Nicolas Sarkozy was questioned today by magistrates trying to establish whether he received illegal campaign funds from France's richest woman when he ran for president in 2007.

It was the first time since losing the presidency - and the legal immunity that went with it - in May that he has been questioned about the scandal which could poison any future comeback bid, something many conservatives are yearning for.

Hundreds of police officers stood guard as the 57-year-old arrived to face investigators for closed-door questioning at the Palais de Justice in the city of Bordeaux, southwest France.

In one strand of a broader inquiry, magistrates are looking at 4 million euros ($5 million) of cash withdrawals from the Swiss bank accounts of Liliane Bettencourt, heiress of the L'Oreal cosmetics empire.

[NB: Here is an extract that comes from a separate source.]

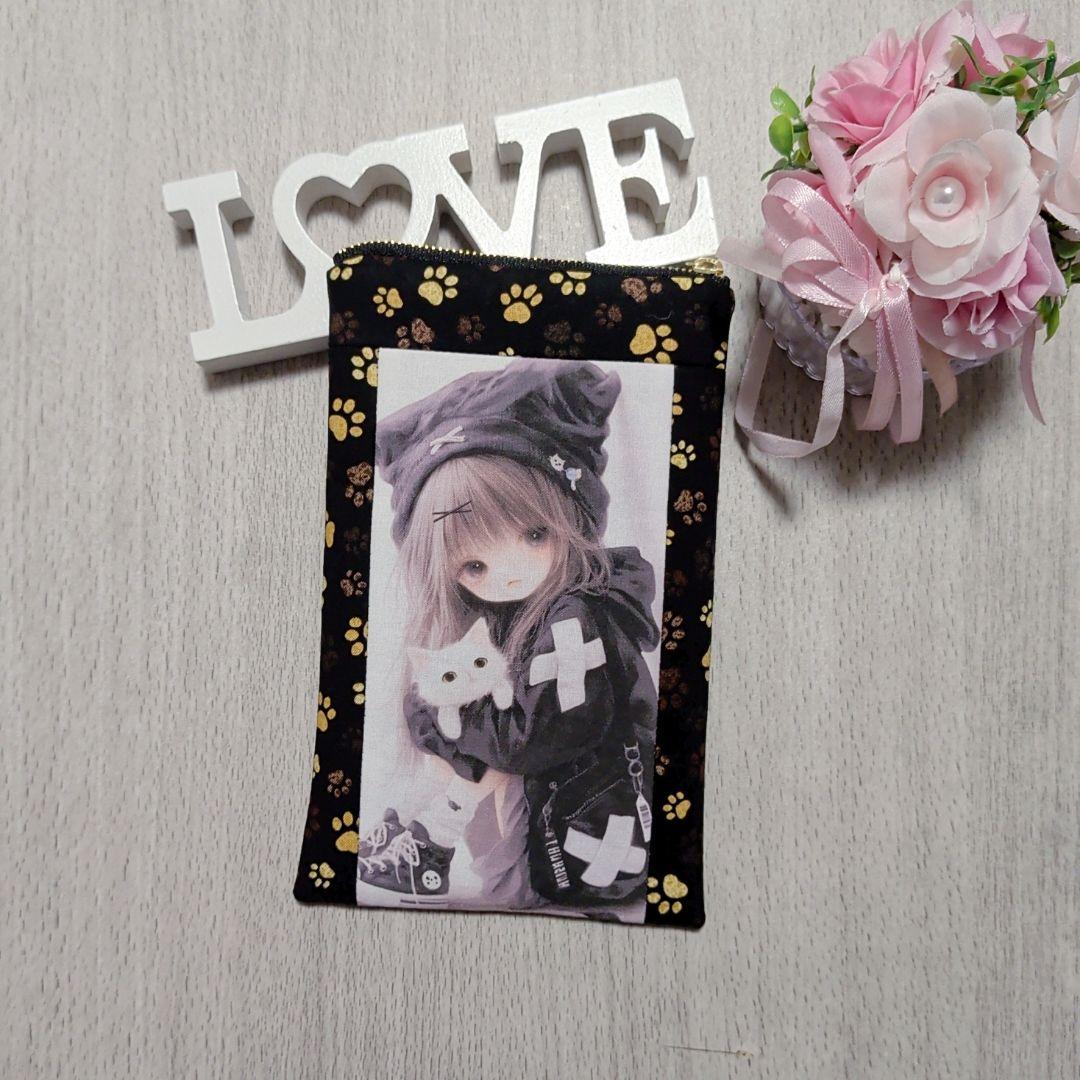 ♡めるる♡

Sarkozy denies any wrongdoing but any drawn-out legal probe may taint him with sucpicion that could damage his chances of running at the 2017 presidential election, which one recent poll showed 52 percent of his party's supporters want to see.

That is two to three times more support than is enjoyed by either of the two men fighting to succeed him, Francois Fillon and Jean-Francois Cope. An unseemly leadership squabble between those two has deepened ideological rifts inside the centre-right UMP party.

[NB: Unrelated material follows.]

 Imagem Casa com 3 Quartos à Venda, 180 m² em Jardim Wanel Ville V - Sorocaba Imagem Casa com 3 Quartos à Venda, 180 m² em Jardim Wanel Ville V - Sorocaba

As part of the inquiry into financial relations with Bettencourt, police raided Sarkozy's Paris residence and offices in July.

Investigating magistrate Jean-Michel Gentil could decide, following his first question session, whether to put Sarkozy under full-blown judicial investigation.

Such investigations do not automatically lead to trial and often takes months or years to conclude.

Initial suspicions were fuelled three years ago when a woman who worked as an accountant for the mentally frail Bettencourt, now aged 90, alleged that a large cash withdrawal was earmarked for Sarkozy's campaign.

The Bettencourt affair is not the only cloud on the horizon.

Lawyers are also demanding that Sarkozy explain himself in two other cases, one concerning the terms of a submarine sale to Pakistan and another concerning lavish spending on opinion polls by his office when he was president.

Since his election defeat to left-winger Francois Hollande - which pushed the UMP into opposition after a decade in power - Sarkozy has followed the career path of other former leaders such as Bill Clinton and Tony Blair as a star conference speaker.